The Israel-Hezbollah escalation has arrived. What next for the Middle East?

The Israel-Hezbollah escalation has arrived. What next for the Middle East?


The escalation that long felt inevitable arrived in a blaze of cross-border attacks over the weekend, but a Middle East on edge woke Monday having escaped all-out war — for now at least.

The intense exchange between Israel and Hezbollah followed weeks of threats that stoked fears a wider regional conflict.

And on Sunday the U.S. ally launched what it said were pre-emptive strikes on southern Lebanon after detecting preparations for a “large-scale” attack by the Iran-backed militant group.

Hezbollah then launched hundreds of rockets and drones and claimed to have hit a military intelligence base near Tel Aviv — revenge, it said, for the assassination of a senior commander last month in Beirut.

It was the heaviest fire the two sides have traded in ten months of simmering conflict.
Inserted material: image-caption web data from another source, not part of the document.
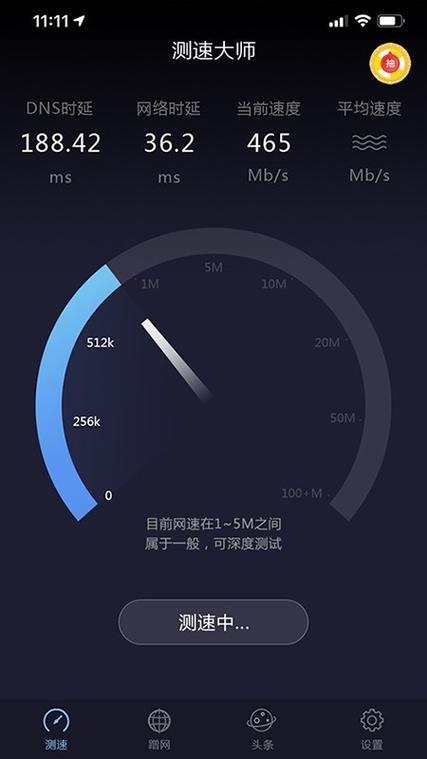 wifi测速工具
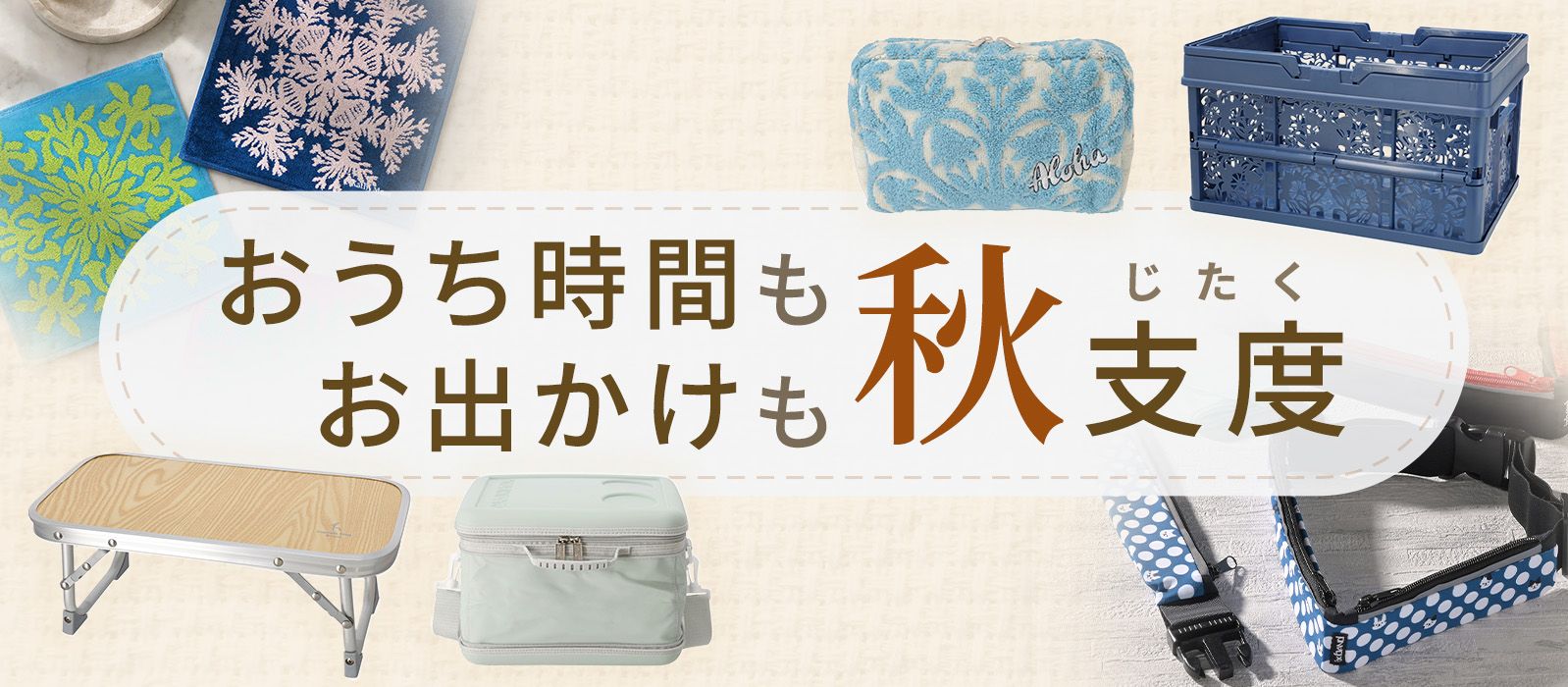 ホーム 通販 - QVCジャパン | QVC.jp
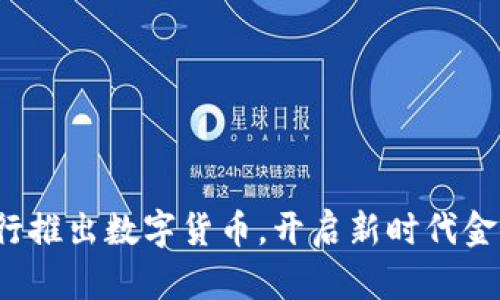 4月央行推出数字货币,开启新时代金融体验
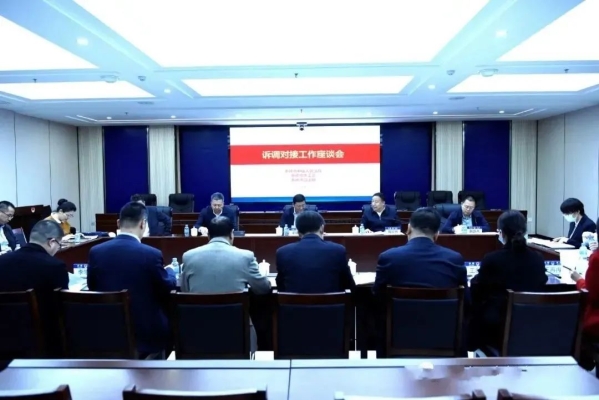 赤峰公证认证处电话多少号-第1张图片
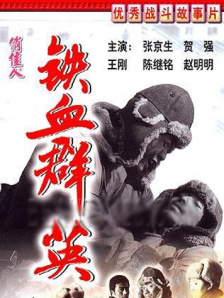 18岁的秘密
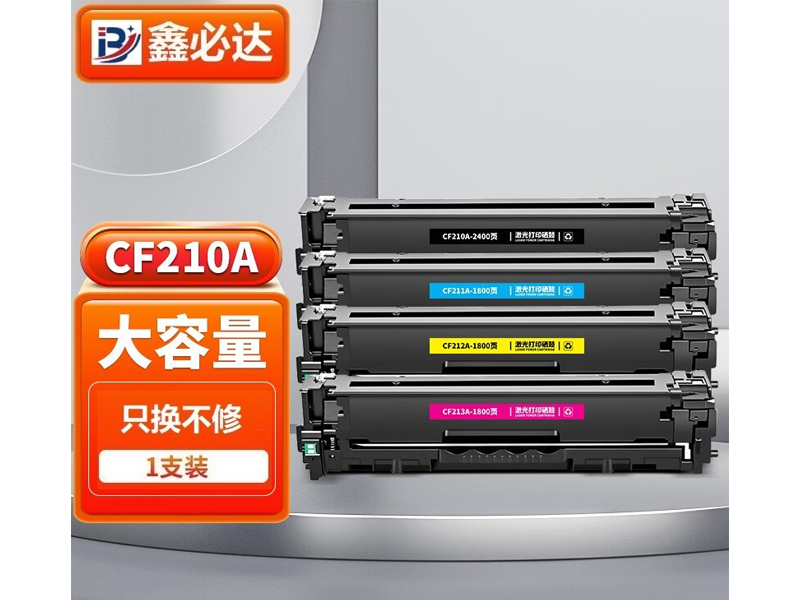 鑫必达 适用惠普M251N硒鼓CF212A易加粉硒鼓HP200 M276n M276nw CB540A CM1415fnw 131A LBP7100CN CE320A黄色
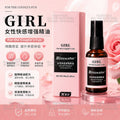 享久女性快感精油 Blisswater Sexual Pleasure Essential Oil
But both Israel and Hezbollah quickly signaled they were happy to leave things there, for now. Tehran, reiterating its own vow of “definitive” retaliation against Israel, touted the Hezbollah attacks as a success. And Washington voiced continued hope for efforts to secure a cease-fire in Gaza.

“The exchange of fire alongside the Israeli-Lebanese border … and the post-strike messages from both Israel and Hezbollah seemingly indicate neither is interested in an all-out war,” Avi Melamed, a former Israeli intelligence official and negotiator, said in an analysis shared with NBC News on Sunday.

He said the round of violence could bring some “calm to the region” and “bring an end to the anxious period of waiting for rounds of retaliatory strikes that could very well have led to an all-out war.”

The escalation came amid ongoing talks in Egypt’s capital, Cairo, to negotiate a deal between Israel and Hamas that would end the fighting in Gaza and secure the release of hostages held by Hamas in the Palestinian enclave.

The high-level talks in Cairo ended on Sunday without any final agreement, though they’re expected to continue at lower levels over the coming days in an effort to close remaining gaps in the negotiations. The talks “have been constructive and were conducted in a spirit on all sides to reach a final and implementable agreement,” a U.S. official told NBC News.

In an address to Lebanese civilians on Sunday, Hezbollah leader Hassan Nasrallah said the group had delayed its response to commander Fuad Shukr’s assassination in order to allow negotiations to continue, and had no intention of targeting civilian infrastructure.

Now, Nasrallah said, “Lebanon can rest.” But he warned that if the results of Sunday’s operation were “not sufficient, we reserve the right to respond.”

Hezbollah, which has the largest missile arsenal of any non-state actor in the world according to weapons watchdogs, has previously said it would halt its attacks on Israel if a cease-fire deal is struck.

Israel Defense Forces spokesman Nadav Shoshani said Hezbollah’s attack might have appeared more subdued due to what Israel has described as its pre-emptive strike carried out by dozens of fighter jets.

“That’s part of why their attack seemed smaller than what it was and our readiness in our aerial defense systems,” Shoshani told NBC News.

Hezbollah said it ultimately fired around 320 Katyusha rockets toward 11 Israeli bases and military sites.

Israeli Prime Minister Benjamin Netanyahu warned at the beginning of a cabinet meeting in Tel Aviv that Sunday’s hostilities were “not the end,” however,

Iran, which has vowed its own retaliation against Israel for the assassinations of Shukr and Hamas political leader Ismail Haniyeh, has yet to act.

Israel, which typically remains silent on targeted assassinations, has not publicly claimed responsibility for the killings, but is widely believed to have carried them out.

The country’s new foreign minister, Abbas Aragchi, said late Sunday that Iran’s response “is definitive and will be measured and calculated.” And early Monday his spokesman praised the Hezbollah attack as highlighting that Israel has lost its “deterrence power.”

“Despite the comprehensive support of states like the United States, Israel could not predict the time and place of a limited and managed response by the resistance,” foreign ministry spokesman Nasser Kanaani wrote on X.